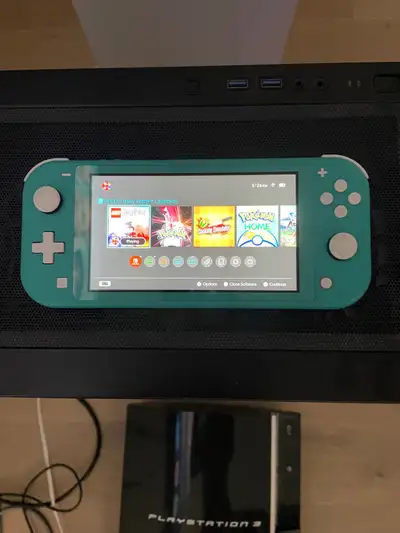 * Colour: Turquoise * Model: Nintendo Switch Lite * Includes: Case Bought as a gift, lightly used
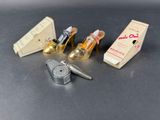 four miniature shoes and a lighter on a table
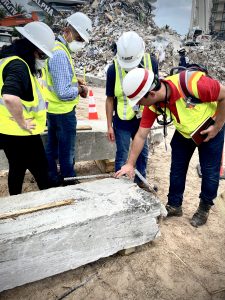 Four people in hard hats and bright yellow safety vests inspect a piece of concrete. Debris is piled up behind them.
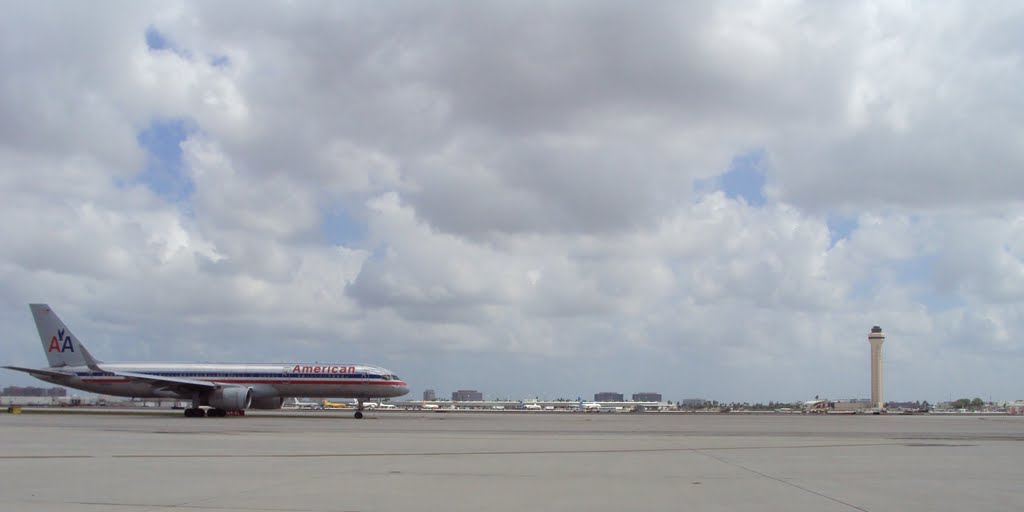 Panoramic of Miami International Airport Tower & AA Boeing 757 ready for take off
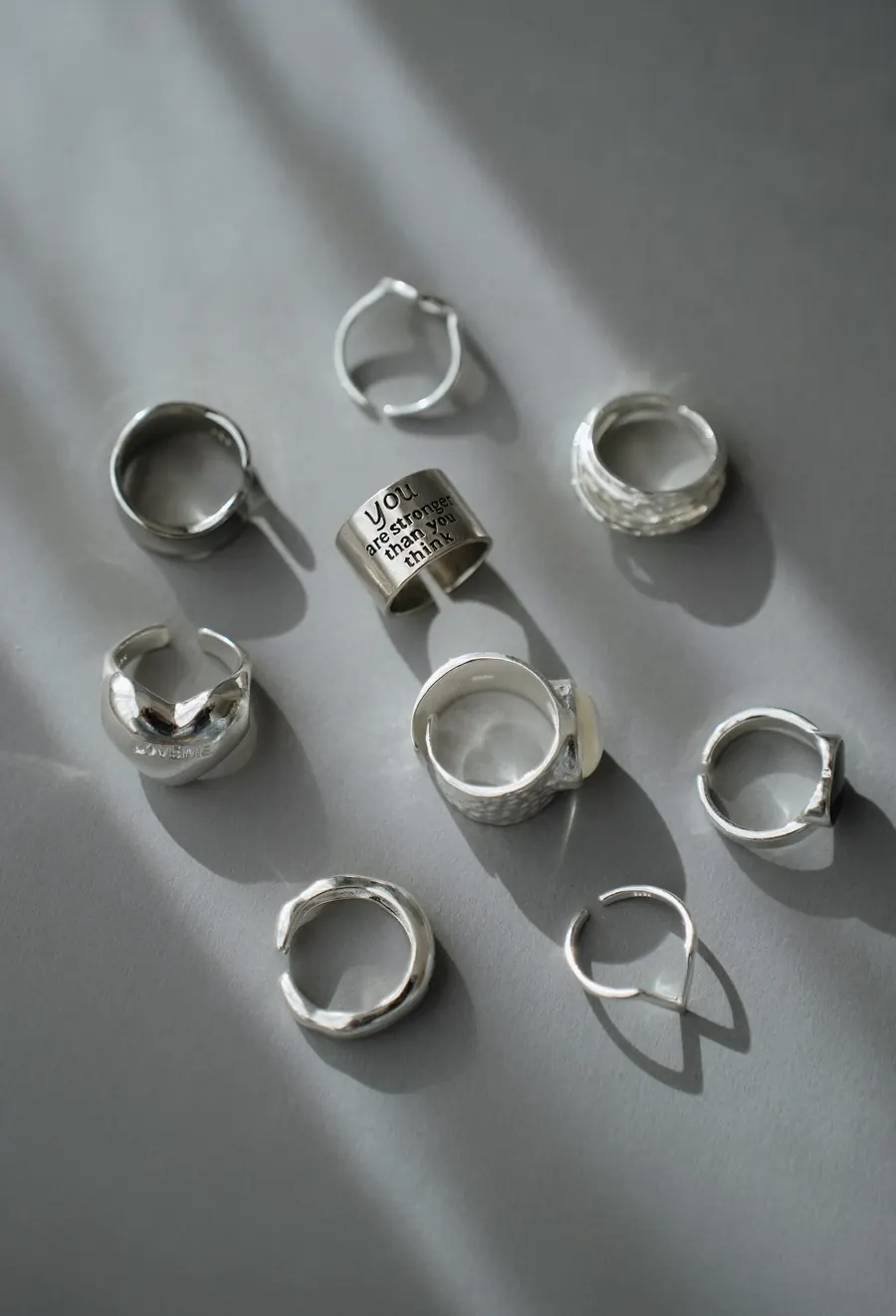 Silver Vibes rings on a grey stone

--

Word for word, print every record, and leave out any picture.

Task response —
 * Colour: Turquoise * Model: Nintendo Switch Lite * Includes: Case Bought as a gift, lightly used
 four miniature shoes and a lighter on a table
 Four people in hard hats and bright yellow safety vests inspect a piece of concrete. Debris is piled up behind them.
 Panoramic of Miami International Airport Tower & AA Boeing 757 ready for take off
 Silver Vibes rings on a grey stone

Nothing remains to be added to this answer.